By Sophie Tulp, shawneemissionpost.com intern
Two months after a devastating fire destroyed the inside of Mission Bowl on Martway, the business is poised to start its comeback. The long-time bowling alley has been a staple of community life in Mission for nearly 60 years, run by three generations of the same family.
The April fire left only the outer walls standing and demolition work on the interior has been completed. Reconstruction is expected to start in July, according to manager Cynthia Thomas, the grand-daughter of the founder. Construction plans will be submitted to the city on Friday and Thomas said an updated center could open by late October.
“You’re not going to recognize it,” when it opens its doors in a few months., Thomas said. No new features will be added, but everything will be updated, improved and up to Mission and Johnson County codes, she said.

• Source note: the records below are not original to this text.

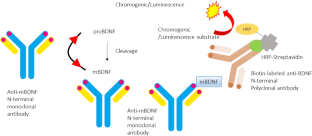 Biosensors, Recent Advances in Determination of BDNF and NfL.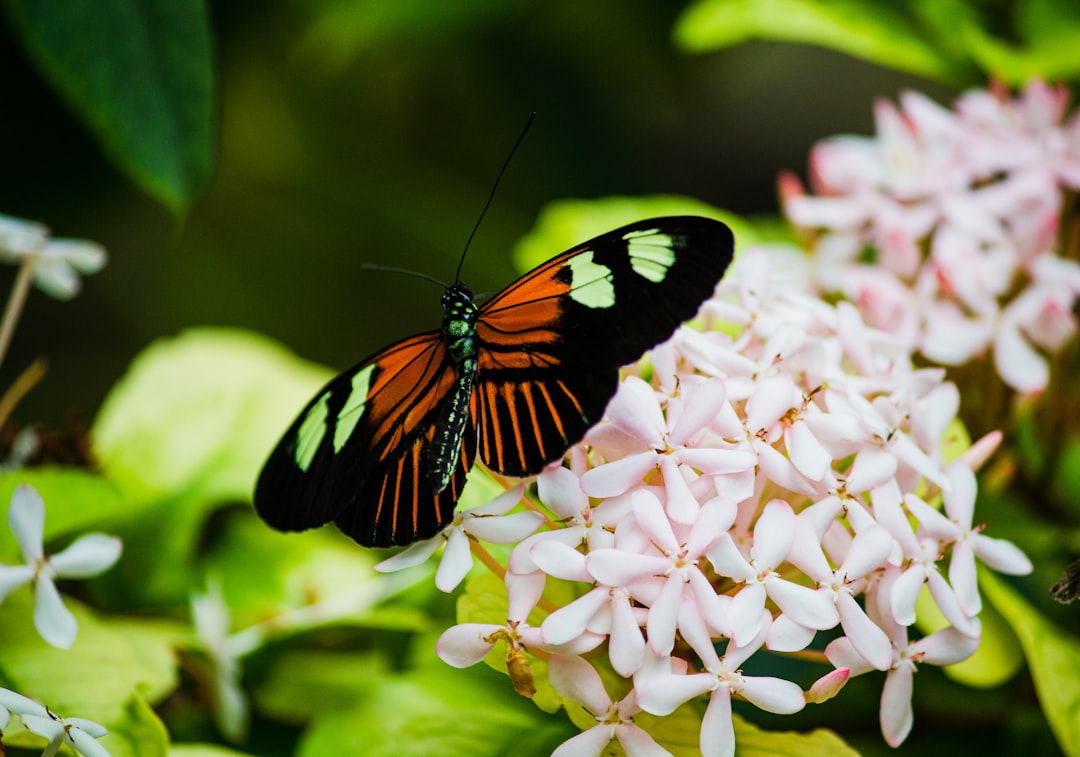 black and white butterfly perched on white flower in close up photography during daytime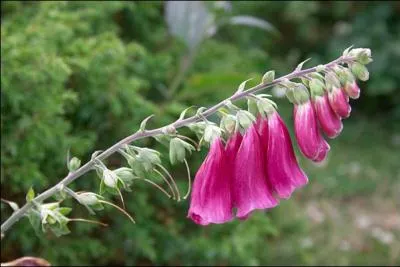 Quelle est cette fleur ?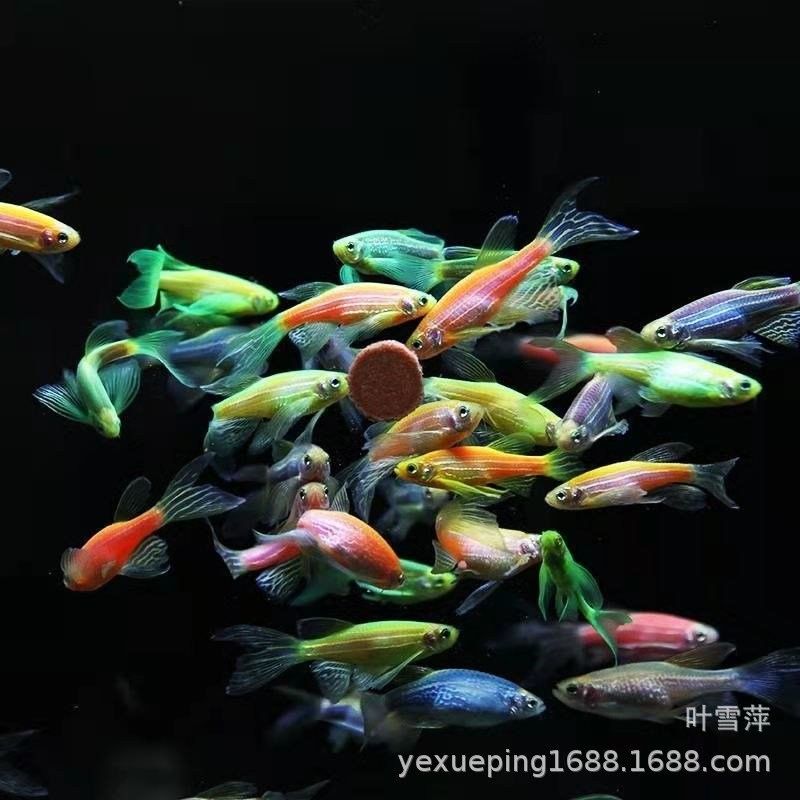 龍鳳魚一條多少錢（龍鳳錦鯉的價格范圍是多少？）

“We are still going to have the same snack bar, front desk and arcade and everything that people have been accustomed to, it’s just going to be bigger and better and with a whole lot of pop,” Thomas said.
The miniature golf part of Mission Bowl is expected to open near the end of July, once electricity and plumbing are re-installed.
Since the April fire, Thomas and her staff have been splitting their time between their office trailer at the Mission location, and their Olathe Center. Thomas says the community support following the fire has kept her going through the past 10 weeks.
“The community has been amazing,” Thomas said. “Some of our seniors went out to our Olathe location and are currently bowling out there on Mondays, and my youth leagues are out there too. We even got letters from as far away as England and India [from] old-time customers [after the fire].”
Mission Bowl has been in Thomas’ family for 58 years, going on four generations of ownership. The bowling center itself was built by her grandfather’s’ construction company in 1956. After he was paralyzed in a bricklaying incident, his family wanted to make sure he had a career to sustain the family.
It is now owned by Thomas’ parents and uncles and the fourth generation is about to start working there.
The outer walls were all that remained intact after the blaze, which Thomas credits to their sound construction. Although the inside of the structure was destroyed, the outer structure remained in “almost perfect” condition Thomas says, calling it a “blessing.”
She credits the first-responding firefighters with saving the structure of the building.
“If it wasn’t for the dedication of those firemen that had been in my location a thousand times to do their usual training out in the parking lot, I don’t know if our center would truly be standing here today,” Thomas said. “They saved what was really important. It could have been a whole lot worse, but were still standing and that means something.”
Now, Thomas says, she and the community members can’t wait to open the doors of Mission Bowl to the community once again.
“It’s really important to the community that we get this back open,” Thomas said. “But more importantly, to my family that we get this back open. I dont’ know if we would have made it this far without [the community’s] support these last 10 weeks.”